Live album by Barry Manilow
- Released: 1982 January 25, 1993 (re-release)
- Recorded: 11, 12 January 1982
- Venue: Royal Albert Hall, London
- Genre: Pop Easy listening
- Label: Arista
- Producer: Barry Manilow, Michael DeLugg

Barry Manilow chronology
| If I Should Love Again (1981) | Barry Live in Britain (1982) | Here Comes the Night (1982) |

= Barry Live in Britain =

Barry Live in Britain is the eleventh album released by singer and songwriter Barry Manilow. The album was recorded live at the Royal Albert Hall in London in January 1982 with Victor Vanacore as the musical director. It was a huge success in Britain, soaring to number one on the charts, reaching platinum status., but was not issued by Arista in the U.S.

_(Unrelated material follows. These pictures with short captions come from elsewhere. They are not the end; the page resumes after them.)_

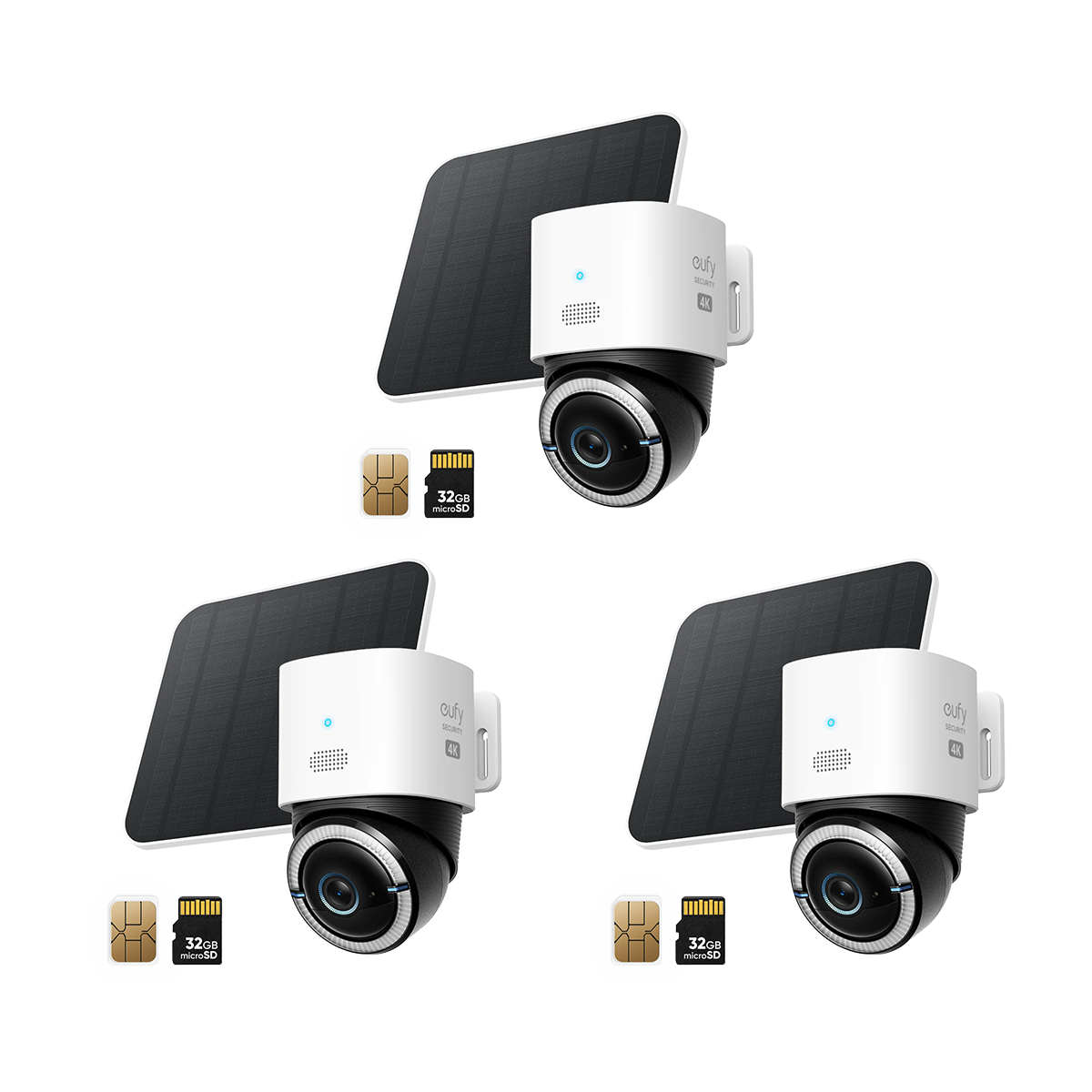 Cámara eufy 4G LTE S330 (Pack de 3)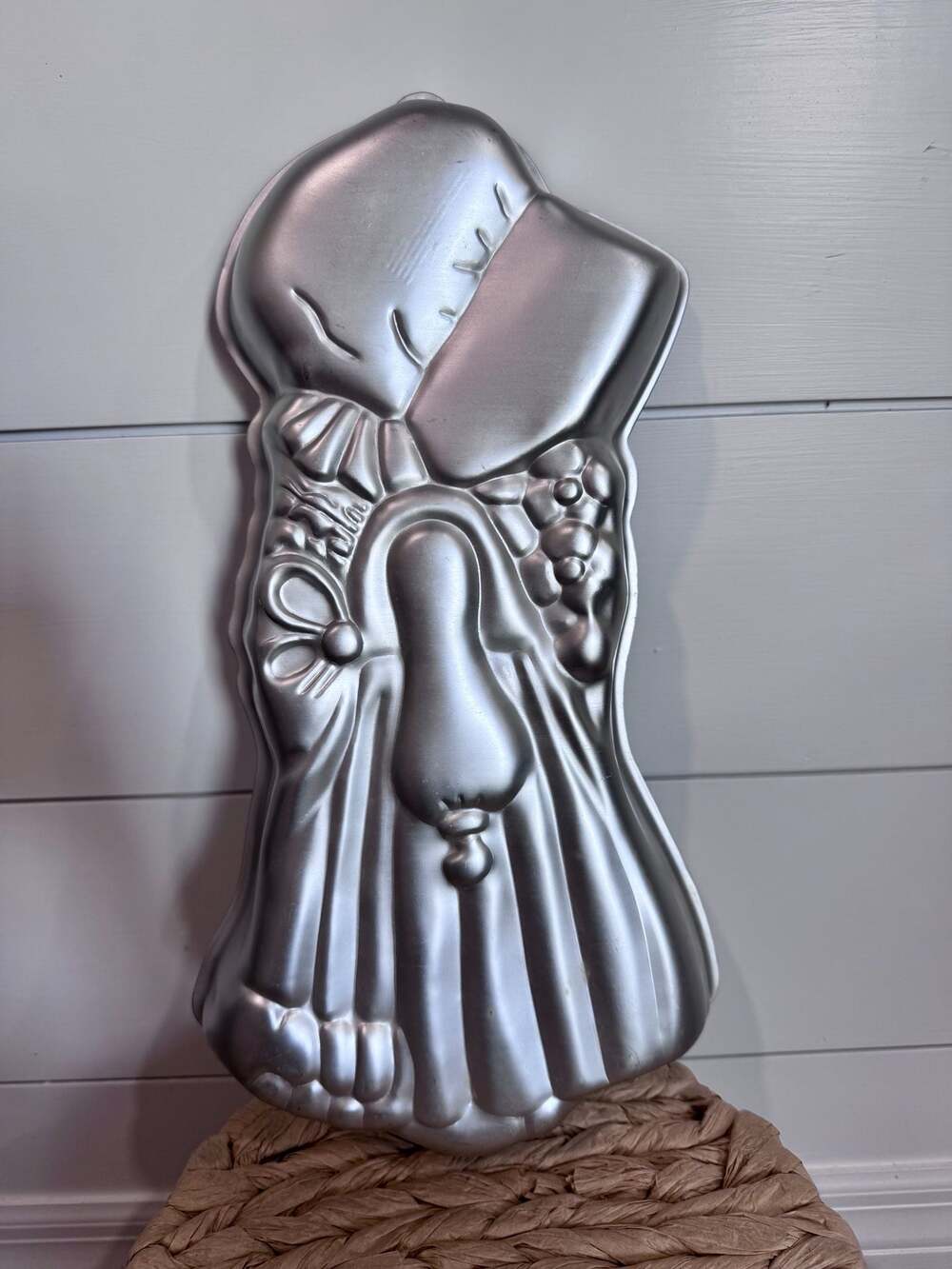 Vintage 1975 Holly Hobbie Aluminum Cake Pan Mold Wilton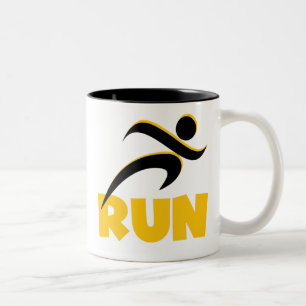 RUN Yellow Zweifarbige Tasse
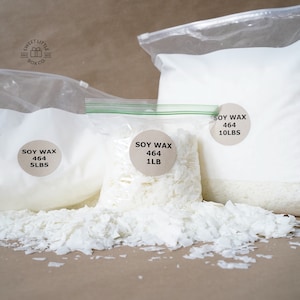 Soy Wax 464 ALL-NATURAL, 1lb, 5lbs, 10lbs, or 30lbs image 1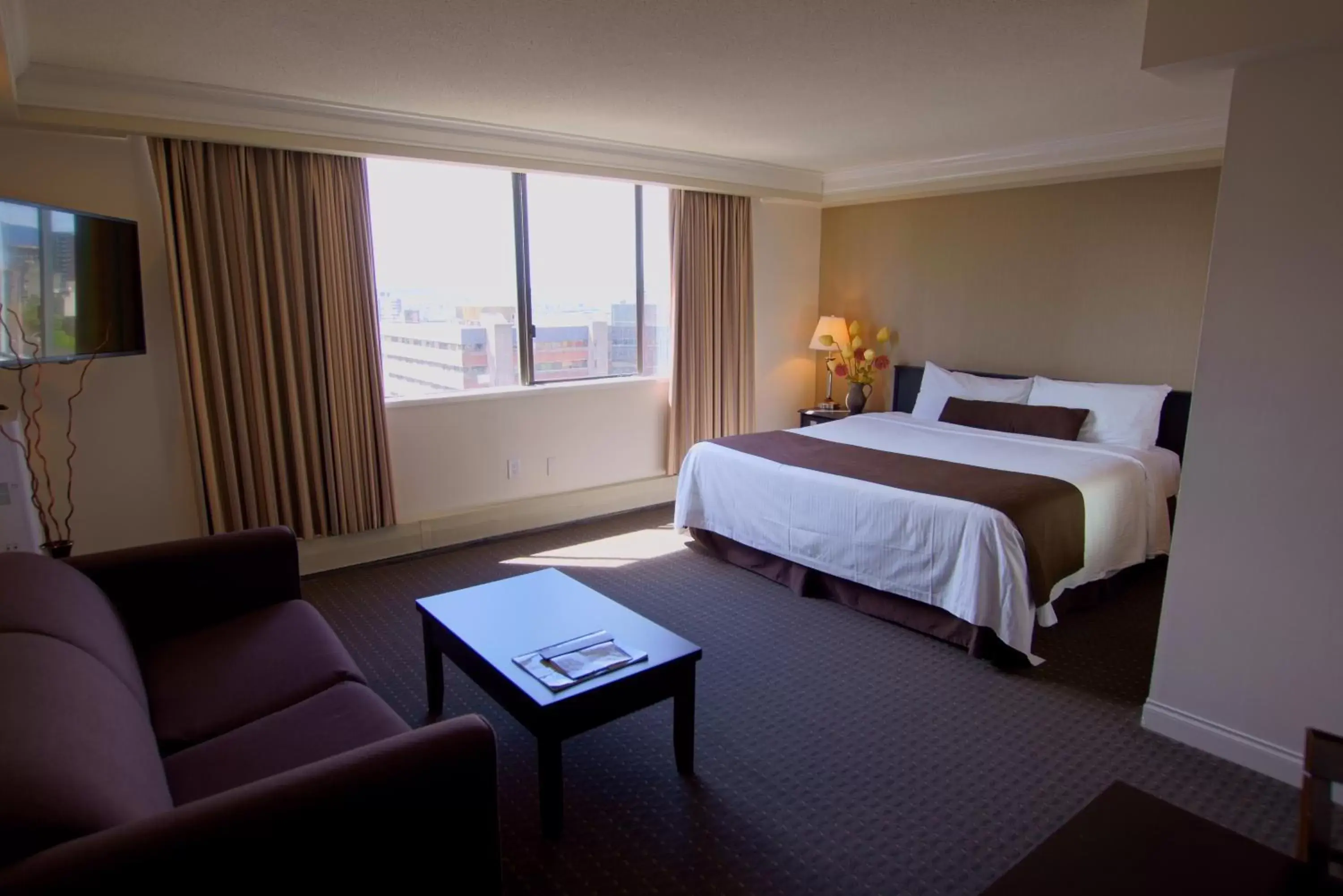 Bedroom in Century Plaza Hotel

The LP contains one new song that became a hit single, "Stay" that reached #23 in the UK.

Professional ratings
Review scores
| Source | Rating |
| Allmusic | (Not Rated) link |

==Track listing==

===Side 1===
1. "It's a Miracle/London" - 5:10
2. "The Old Songs Medley" - 9:45
3. "Even Now" - 3:30
4. "Stay" - 3:15
5. "Beautiful Music/I Made It Through the Rain" - 7:15

===Side 2===
1. "Bermuda Triangle" - 4:05
2. "Break Down The Door/Who's Been Sleeping In My Bed" - 5:05
3. "Copacabana (At The Copa)" - 3:40
4. "Could It Be Magic/Mandy" - 5:40
5. "London/We'll Meet Again" - 4:25
6. "One Voice" - 3:04
7. "It's a Miracle" - 1:05

==Personnel==
- Barry Manilow - vocals
- John Pondel - guitar
- Carl Sealove - bass
- Robert Marullo, Victor Vanacore - keyboards
- Bud Harner - drums
- Robert Forte - percussion
- Bill Page - woodwind

==Charts==

| Chart (1982) | Position |
|---|---|
| United Kingdom (Official Charts Company) | 1 |

==Certifications==

| Region | Certification | Certified units/sales |
| United Kingdom (BPI) | Platinum | 300,000^{^} |
^{^} Shipments figures based on certification alone.